Libye – Exiger le départ immédiat de Kadhafi prolongera le conflit, selon Crisis Group

Abdelkader Zahar, Maghreb Emergent, 07 Juin 2011

L’intervention massive des avions de l’Otan et désormais des hélicoptères de combats causent des dégâts en Libye sans changer sensiblement la réalité du terrain. La Russie a dénoncé dans l’entrée en action des hélicoptères une «dernière étape avant une opération terrestre ». Le but de guerre de l’Otan - obtenir le départ de Kadhafi ou le tuer – ne se réalise pas. L’enlisement n’est pas une vue de l’esprit. Crisis Group estime qu’exiger un départ « immédiat » de Kadhafi est contreproductif.

Dans son dernier rapport (le 5e du genre) consacré aux "protestations populaires dans les pays d’Afrique du Nord et du Moyen-Orient", l’organisation International Crisis Group (ICG) affirme que l’exigence du départ immédiat de Mouammar Kadhafi "ne fera que prolonger le conflit militaire et approfondir la crise en Libye". Au lieu de cela, l’ICG suggère de "donner la priorité à la conclusion d’un cessez-le-feu immédiat" et de mener des "négociations sur la transition vers un système politique pour l'après-Kadhafi". En ce sens, l’organisation estime qu’il faut faire une " distinction entre «départ» de Kadhafi – c'est-à-dire qu’il n’ait aucun rôle politique ou toute autre autorité - comme un élément clé dans le résultat final politique souhaité et son «départ» comme une condition préalable à toute solution". Outre cette remarque, l’ICG dresse une liste de six autres recommandations pour arriver à une solution à la crise en Libye. Elle suggère : une "médiation (menée) par des tiers de confiance par les deux parties, (ce qui) peut-être une initiative commune de l'Union africaine et de la Ligue arabe", "un cessez-le en deux phases : d'abord une déclaration de trêve mutuelle entre le régime et le Conseil national de transition (CNT) qui permettra de s'entendre sur des questions telles que l'emplacement des lignes de la paix, le déploiement des forces de la paix et la prestation de l'aide humanitaire, et d'autre part, une déclaration mutuelle de cessation des combats et l'annonce des pourparlers sur la forme et les modalités de la transition vers un nouvel Etat libyen".

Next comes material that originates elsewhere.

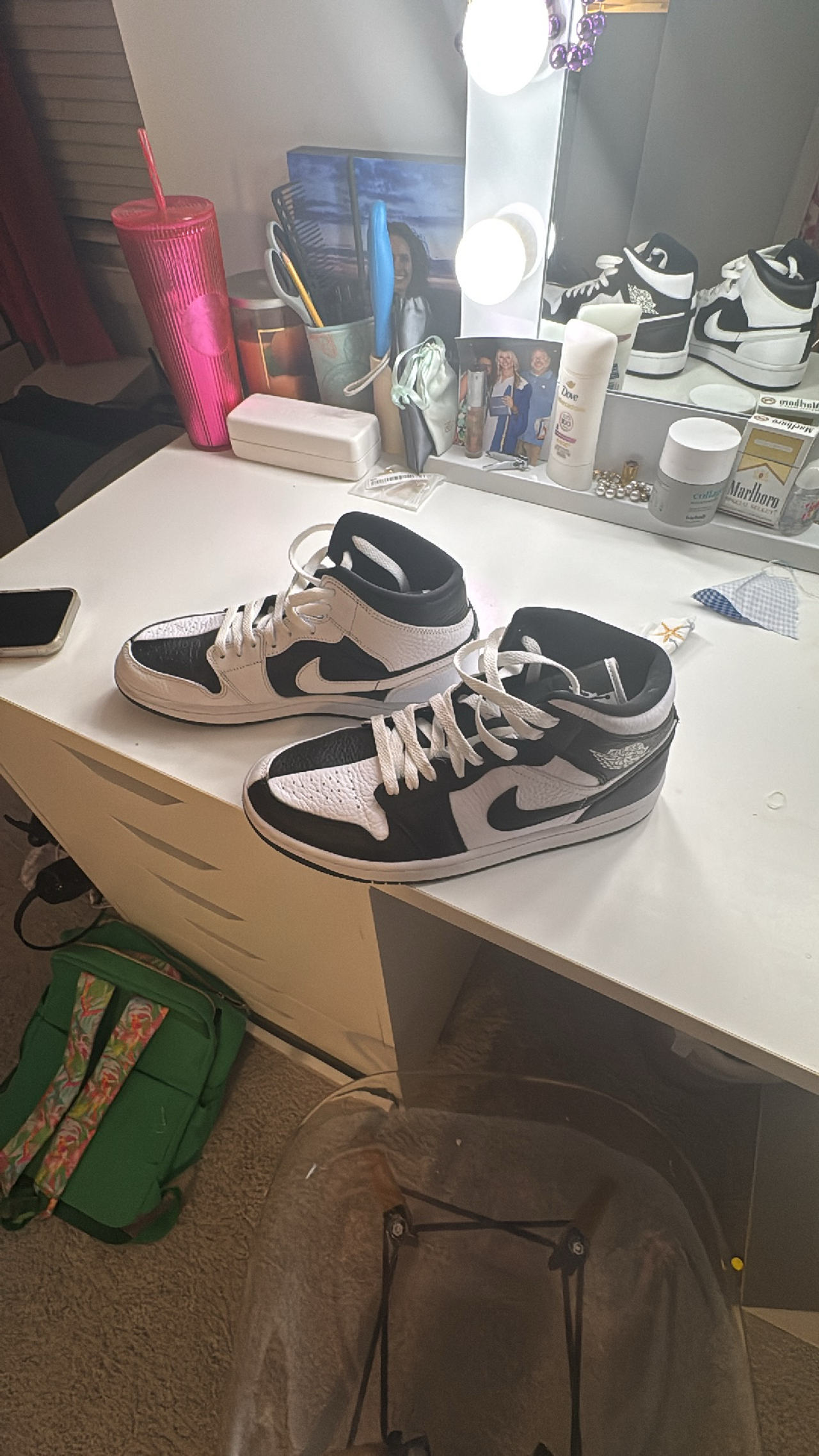 Air Jordan 1 Mid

Offrir une autre solution de rechange que le CPI

L’ICG recommande aussi de "veiller à ce que le cessez le feu soit non seulement synonyme d’arrêt des combats, mais conduit aussi directement à des négociations politiques entre le CNT et le régime de Kadhafi". "Rendre clair dès le départ, ajoute le document d’lCG, que ni Kadhafi, ni aucun de ses fils n’occuperont des postes dans le gouvernement libyen ou dans l'administration intérimaire qui sera mise en place pour la période de transition". Il est également précisé que "tous les Libyens, y compris ceux qui ont jusqu'à présent servi le régime Kadhafi, devront jouir des mêmes droits civils, y compris le droit à la représentation politique, dans l'Etat post-crise libyenne". Un Etat qui devra "disposer d'institutions réelles", "fonctionner selon les règles du droit" et "garantir explicitement du pluralisme politique". Enfin, l’ICG propose de "fournir à Kadhafi une solution de rechange à un procès devant la CPI".